Richards’ equation lets us quantify exactly how much you need to slow, spread, and sink. If you measure K(θ) before and after implementing regenerative practices, you can model how a 2-inch rainstorm will distribute itself through the new soil structure versus the old. Will that rain mostly run off, or will 80% of it infiltrate and be available to plants a week later? The equation gives you numbers. It gives you some idea whether your interventions are enough to prevent erosion on a 5% slope during spring storms, or whether you need more cover crop biomass to hit your infiltration targets.
This is where regenerative practice meets computational power to create a feedback loop for restoration. As communities around the world engage in bioregional regeneration of the water cycle (digging swales and terraces that reshape topography and slow surface flow, building soil organic matter that increases aeration and aggregate stability, planting deep-rooted perennials that create macropore networks), each intervention changes the physical parameters in Richards’ equation. Measure the new K(θ) curves after adding compost. Survey the altered slopes and water table depths after installing earthworks. Plug these updated values into watershed models, and the equations calculate how water will actually move through your transformed landscape during the next monsoon or spring melt.
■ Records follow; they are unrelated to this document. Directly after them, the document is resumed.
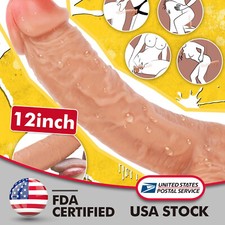 12 Inch Huge Big Dildo Suction Cup Realistic Penis Dong G-spot Sex Toy for women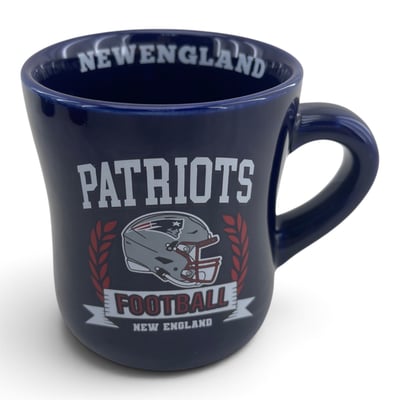 New England Patriots Pegasus 11oz. Helmet Crest Wordmark Ceramic Mug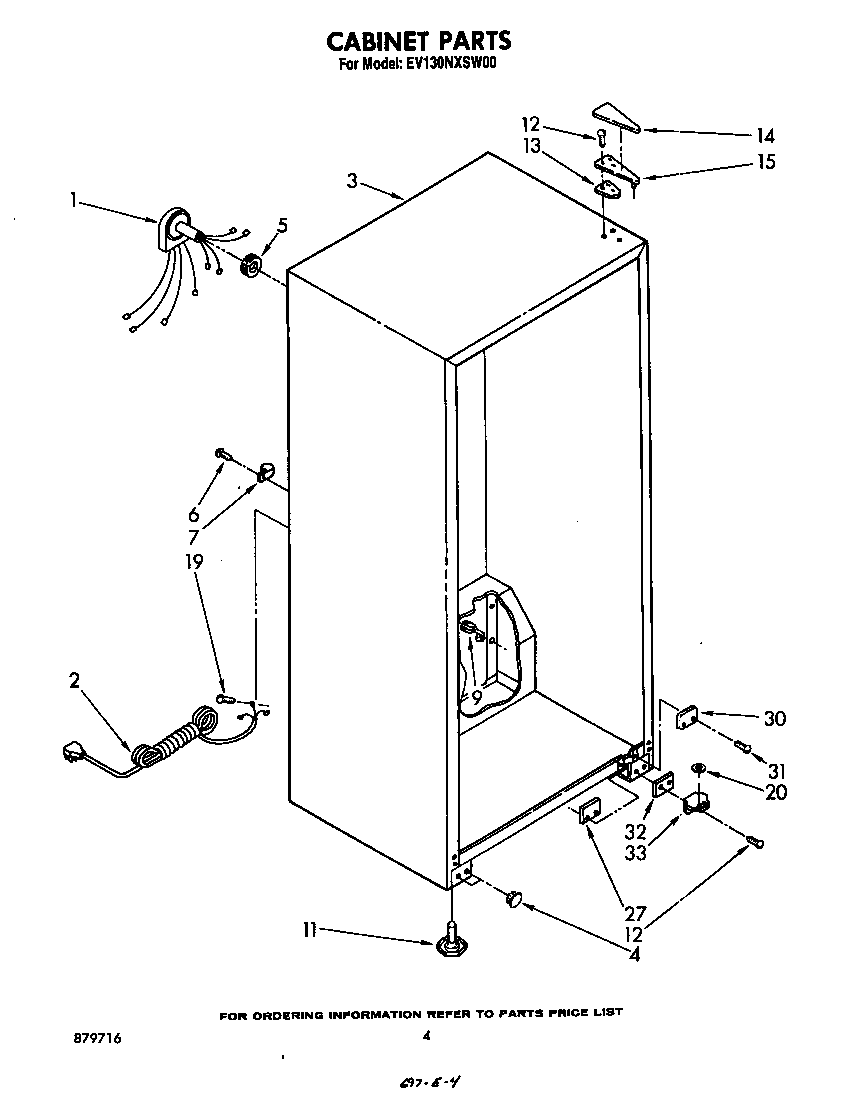 Whirlpool EV130NXSW00 cabinet diagram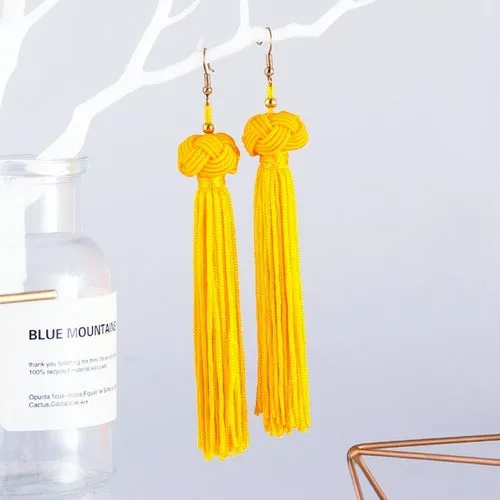 POXAM Fashion Ethnic Long Tassel Drop Earrings For Women Bohemian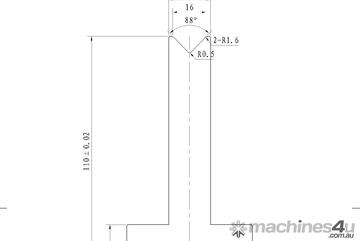 STEELMASTER Bottom Single 16mm Vee Tooling - US 420/88 V=16 R1,6 L.MM.835 STEELMASTER Bottom Single 16mm Vee Tooling - US 420/88 V=16 R1,6 L.MM.835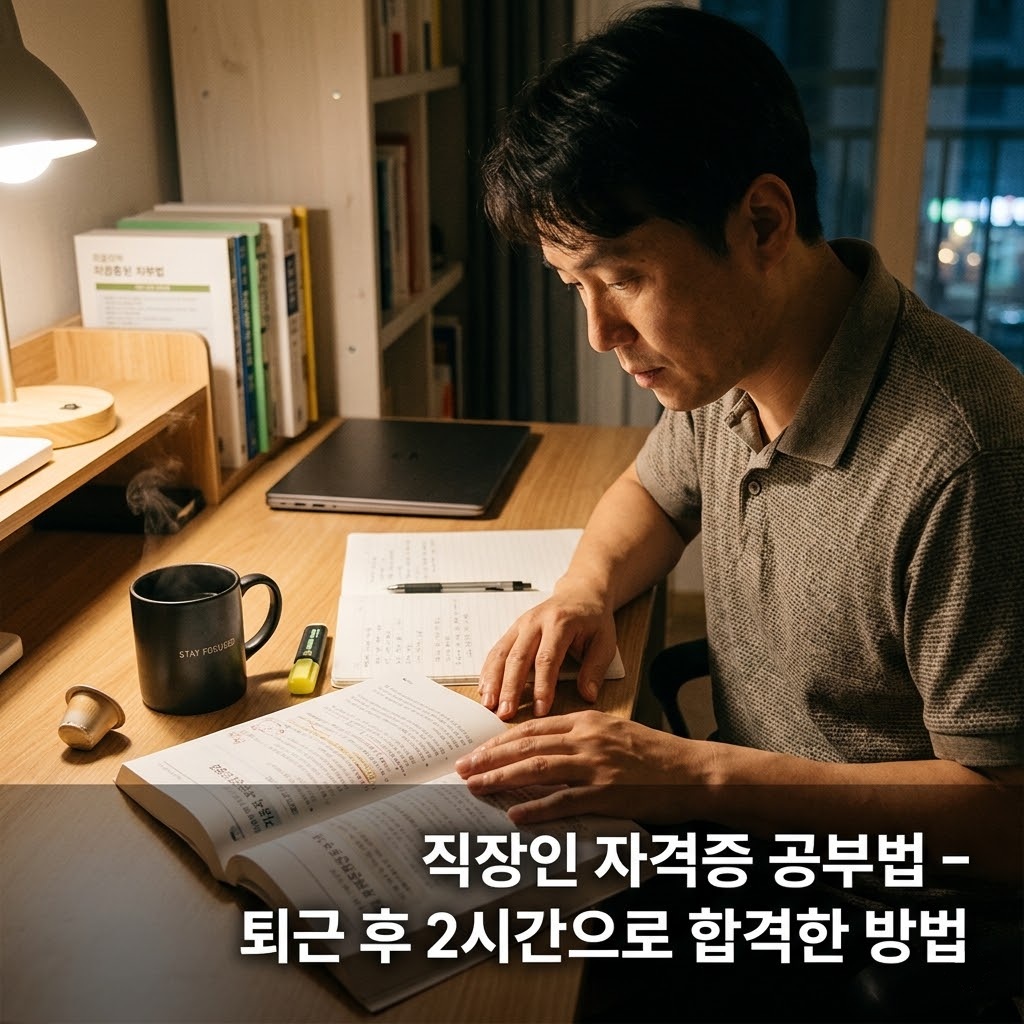 직장인 자격증 공부법 퇴근 후 책상에서 교재 펼치는 40대 직장인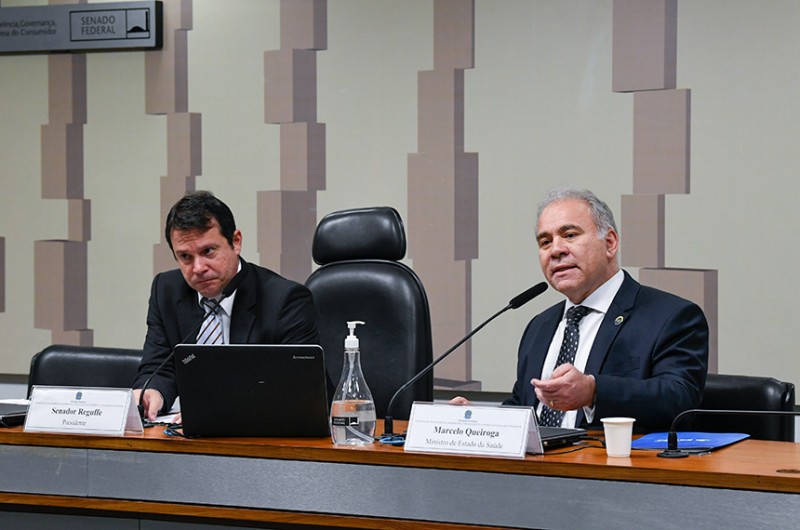 Em audiência pública na Comissão de Fiscalização e Controle nesta quarta-feira (6), o ministro da Saúde, Marcelo Queiroga prestou esclarecimentos sobre o quadro atual da saúde no Brasil - Roque de Sá/Agência Senado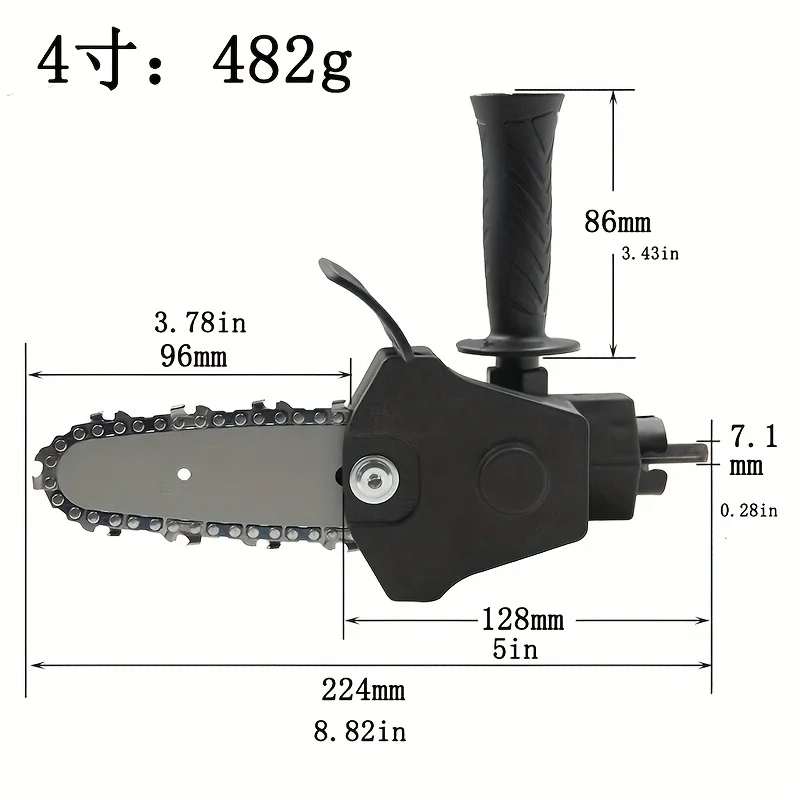 1pc 6 Inch Electric Drill Modified To Electric Chainsaw Adapter Tool, Portable Conversion Head Kits,  Woodworking Pruning Tool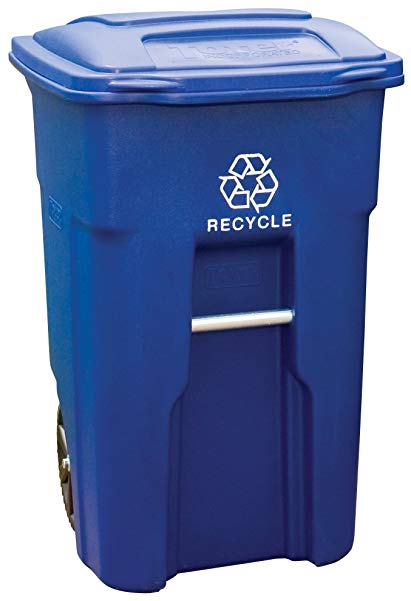 Toter 025532-R1BLU Residential Heavy Duty 2-Wheeled Recycling Can Attached Lid, 32-Gallon, Blue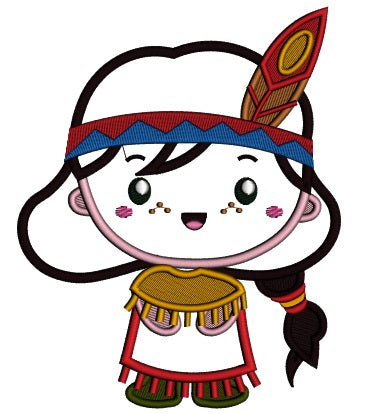 Cute Little Indian Girl With Big Feather Thanksgiving Applique Machine Embroidery Design Digitized Pattern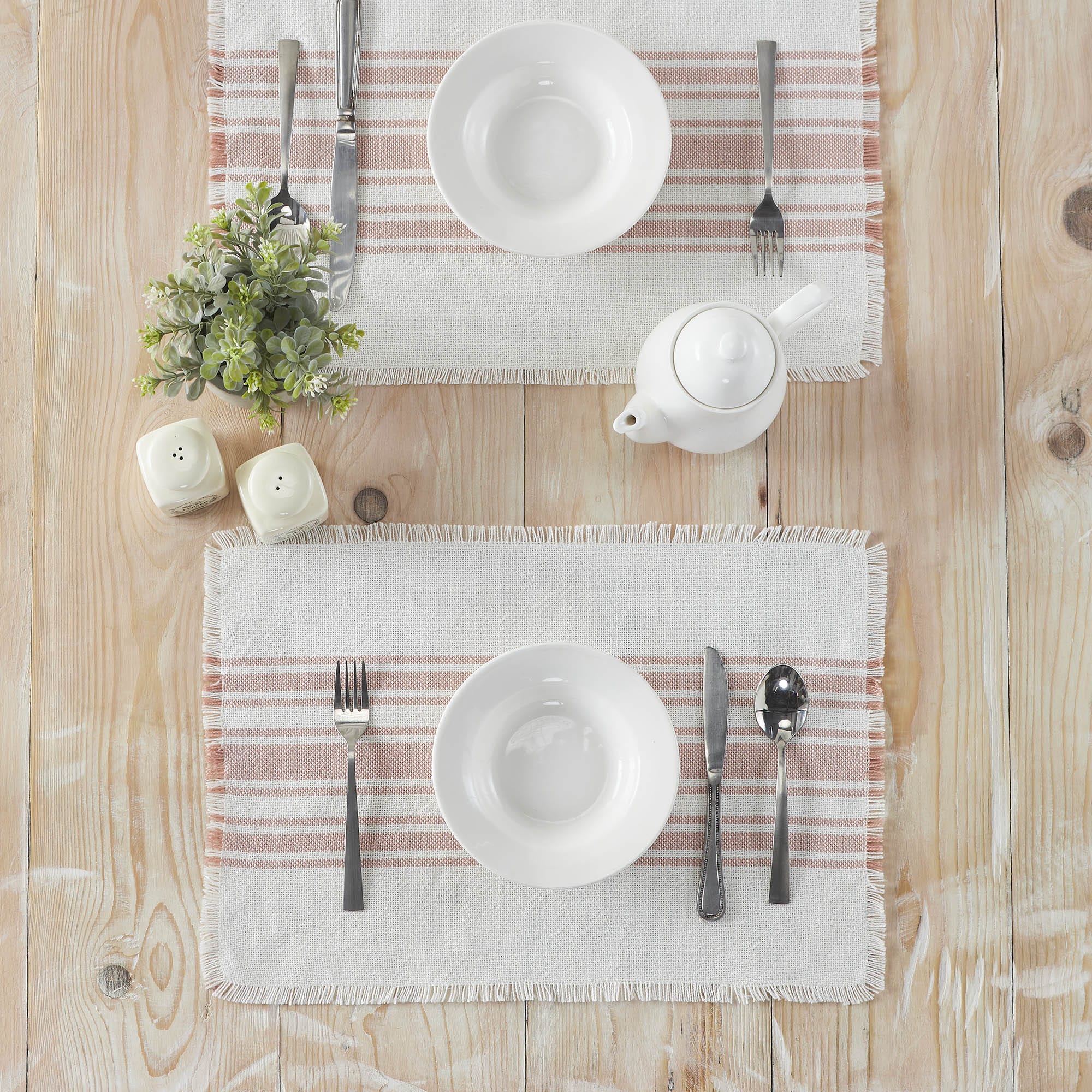 Coral Stripe Indoor/ Outdoor Placemat Set of 6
These predictions can be visualized on GIS platforms: interactive maps showing where moisture will accumulate, where erosion risk drops, where groundwater recharge increases. Farmers, land managers, and communities can see projected outcomes, adjust their designs, implement changes, then measure again and refine the models. The equations become a feedback mechanism: practice informs measurement, measurement refines models, models guide better practice. Richards’ equation becomes a tool for collective learning, a way to track, quantify, and accelerate the healing of landscapes one watershed at a time.
By viewing our soil as a giant, responsive sponge, we can use Richards’ Equation to model the soak and Darcy’s Law to model the seep. When we feed these rules into a GIS, we turn invisible underground flows into a digital ‘weather map’ for soil. This allows us to see exactly how our restoration efforts (like swales or cover crops) are physically changing the way our bioregion holds onto life-giving water.





Alpha, I’d hug you if I could! Not only is this brilliant your writing brings clarity, depth and meaning. I’ve watched you grow over the past year or so and you are a wonder to behold! Thank you! 🙏 🎉
This is great, thank you. Water science we can use, written so we can follow it.